I’ve noted over these past years, I don’t seem to feel any pain while I’m doing something. It’s not until the next day or the day after that the ache or the pain shows up as a sign I’ve hurt myself. I don’t know if endorphins mask pain during a routine, but I try to be hyper-aware of the slightest discomfort or even an odd feeling as my signal to stop doing what I’m doing out of fear of hurting myself. When I was thirty, if I hurt myself, I could recover relatively quickly. Today, it takes longer, sometimes a lot longer so hurting myself can be a disappointing setback.

As you can see by the above writing, health has become my number one preoccupation in life. Some may say that I’m self-disciplined but it ‘s more about being scared. As I’ve written here, back in 2012, I had a sports accident and traumatised the upper left quadrant of my body. I was in pain twenty-hours a day for almost six months. I could barely move. Every waking moment was about pain management: when do I take a pain pill; how long do I have to wait for the next one; and what can I do in the meantime to minimise any pain I may feel. It was a nightmare; I was trapped in my own body; and it was Hell on Earth. I will do anything to avoid going through that again, so I’ve been frightened into being disciplined.

I've become my father
At family gatherings, I'm now the senior member. I'm the old man. Although, I see myself as my father in other ways.

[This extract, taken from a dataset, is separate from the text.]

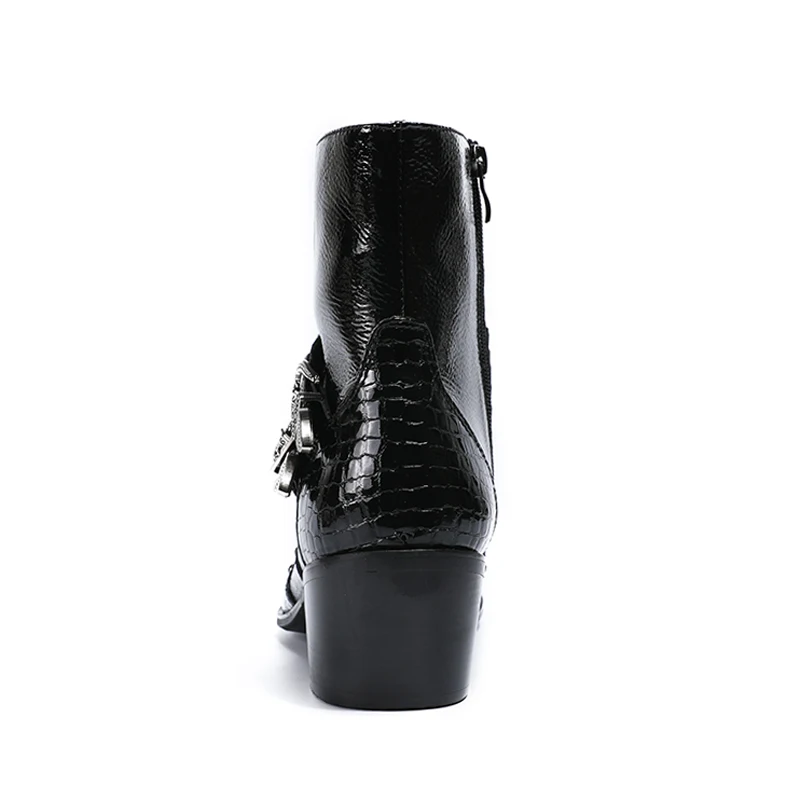 Плюс Размеры черный человек на высоком каблуке Острый носок обувь ручной работы Лакированная кожа шипованных Для мужчин ковбойские мотоциклетные ботильоны SL410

My mother died when my father was 72. He spent the last eight years of his life, living in the family home all by himself. I'm retired and live by myself. How did my father manage compared to how I manage? How did my father occupy his time compared to how I occupy mine? The rest of the world moves on with their own day-to-day issues, and the affairs of one old man are of little or no consequence. That is, except to him.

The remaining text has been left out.